Anyone seen that problem as well?
Thanks in advance.
That’s strange. After you tell the slave to restart from the slave menu, and it shuts down, can you grab the most recent launcher log and post it? The logs are found in the logs folder in the Deadline client install folder (ie: /usr/local/Thinkbox/Deadline/logs).
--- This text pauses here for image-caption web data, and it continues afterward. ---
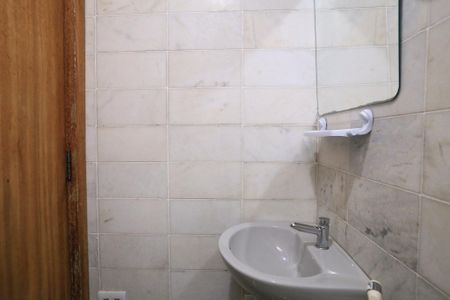 Banheiro de casa para alugar com 1 quarto, 10m² em Lourdes, Belo Horizonte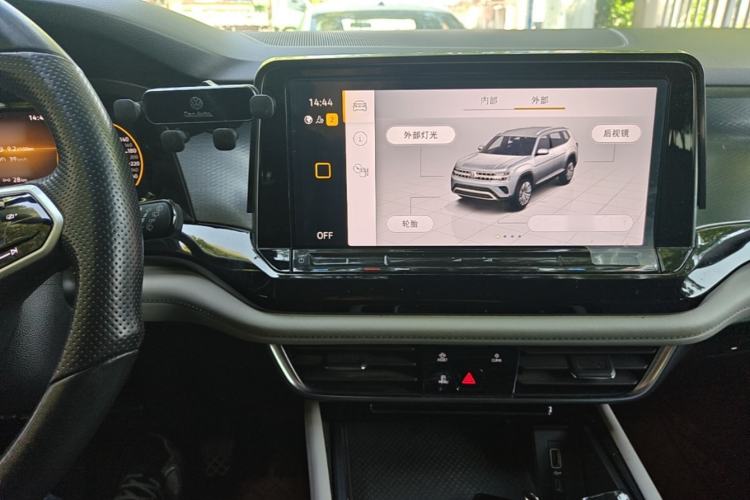 Used Volkswagen Teramont 2022 380TSI Four-Wheel Drive Luxury Edition Audio And AC Panel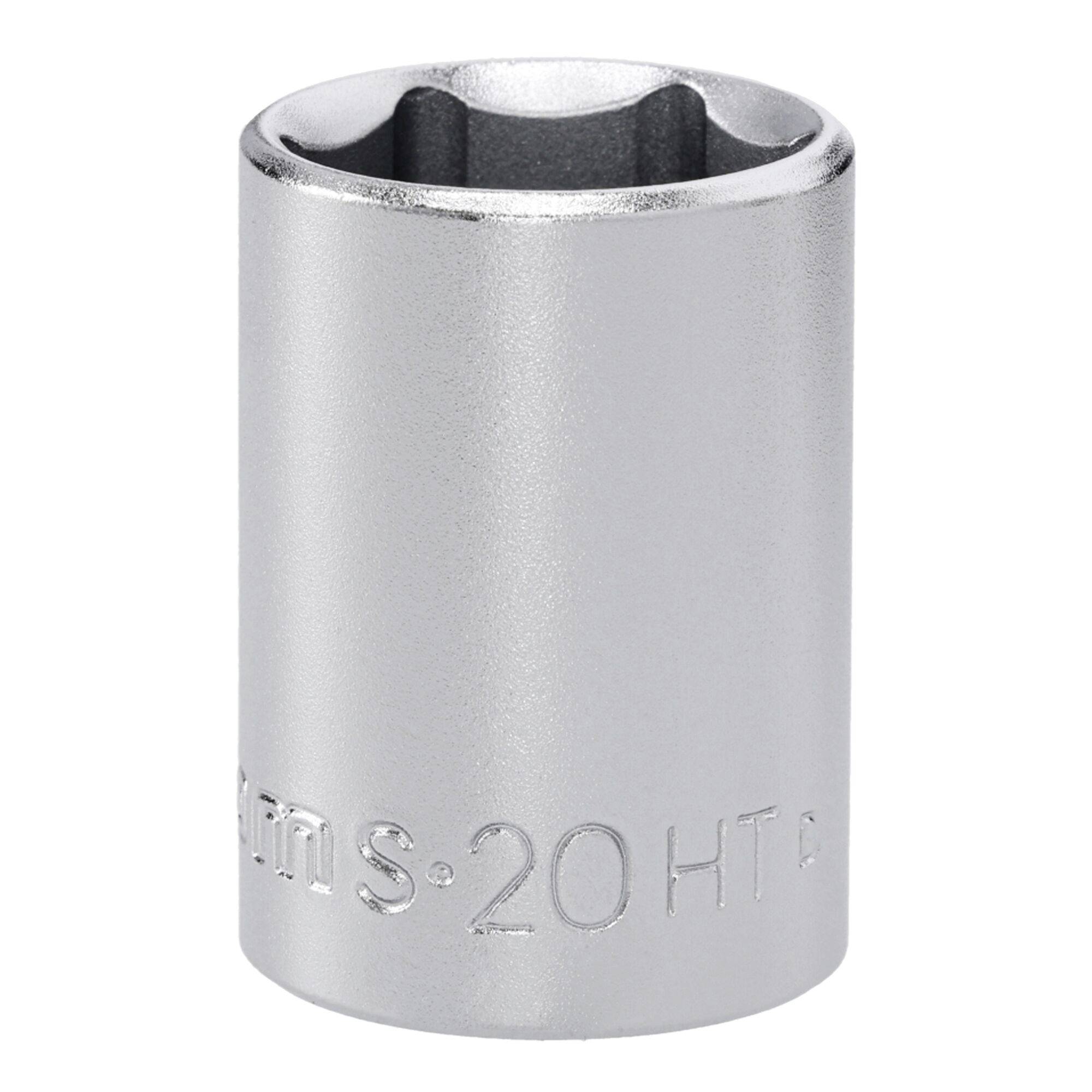 Ein Nahaufnahmebild einer metallischen sechskantigen Steckdose mit der Gravur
The launcher should be launching the slave again, so hopefully there will be something in there that will explain the problem.
Also, it would be helpful to see a log from a slave after it stalls too.
Thanks!
Will do, shouldn’t take too long, going to render a couple of thousand frames any second now
I must add though, that we render using 4 concurrent tasks using VRay now, as VRay is ‘bugged’ when it comes to rendering single tasks on E5-2680 systems (render times will be all over the place and usually render slower than 6+ year old Gulftown systems, Chaos is looking into that though.)
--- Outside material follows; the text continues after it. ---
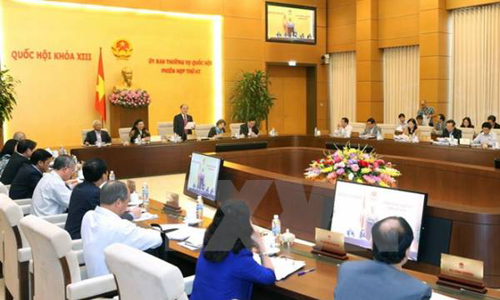 Постоянный комитет Национального собрания СРВ рассмотрел проект закона об обществах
I should also add that our current 8+ years old server is starting show its age (Pentium 4), we will be upgrading to a new CentOS Sandy Bridge server and new fiber network in the next week, so, that might help as well. (I get the feeling that both our network and old server are being trashed at the moment…might explain the (literally) smoking switch we had a couple of months ago)
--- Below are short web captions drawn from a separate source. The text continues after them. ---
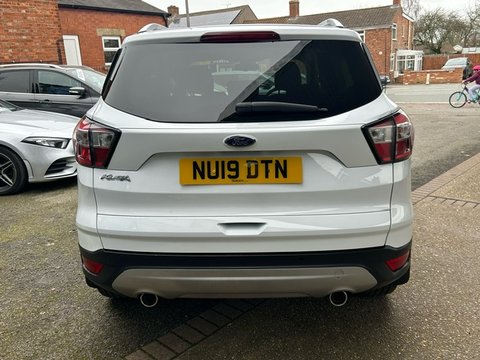Ford Kuga TITANIUM EDITION 4
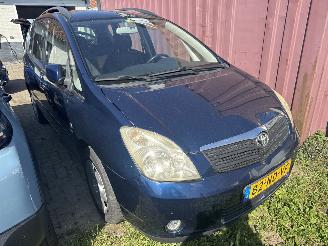 Toyota Corolla-verso  picture 2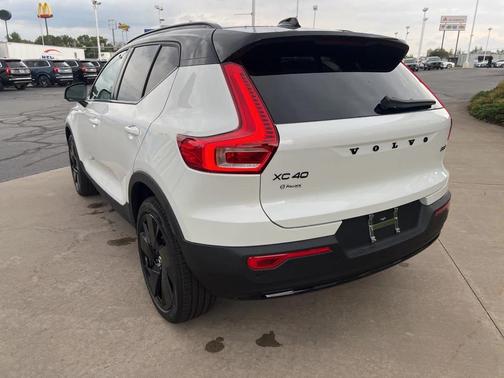 2026 Volvo XC40 B5 Ultra Black Edition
Here’s the first one, Deadline is unresponsive on the slave, Deadline Monitor thinks it is still rendering, thought the System Monitor shows no running VRay and no CPU cycles going anywhere (Deadline slave waiting channel is utrace_stop)
Log is not being updates anymore, added part of the log relating to the start of rendering this job to the point it stops dead in its tracks
deadlineslave_House166(House166)-2012-06-13-0001.log (688 KB)
Thanks for the log. Unfortunately, there is nothing in there that tells us if something went wrong.
Out of curiosity, do you see this problem happen with one or two concurrent tasks? Just wondering if it’s a concurrently issue…
That’s why i was baffled, no errors, no warnings, no nothing…just a Deadline slave program that becomes unresponsive.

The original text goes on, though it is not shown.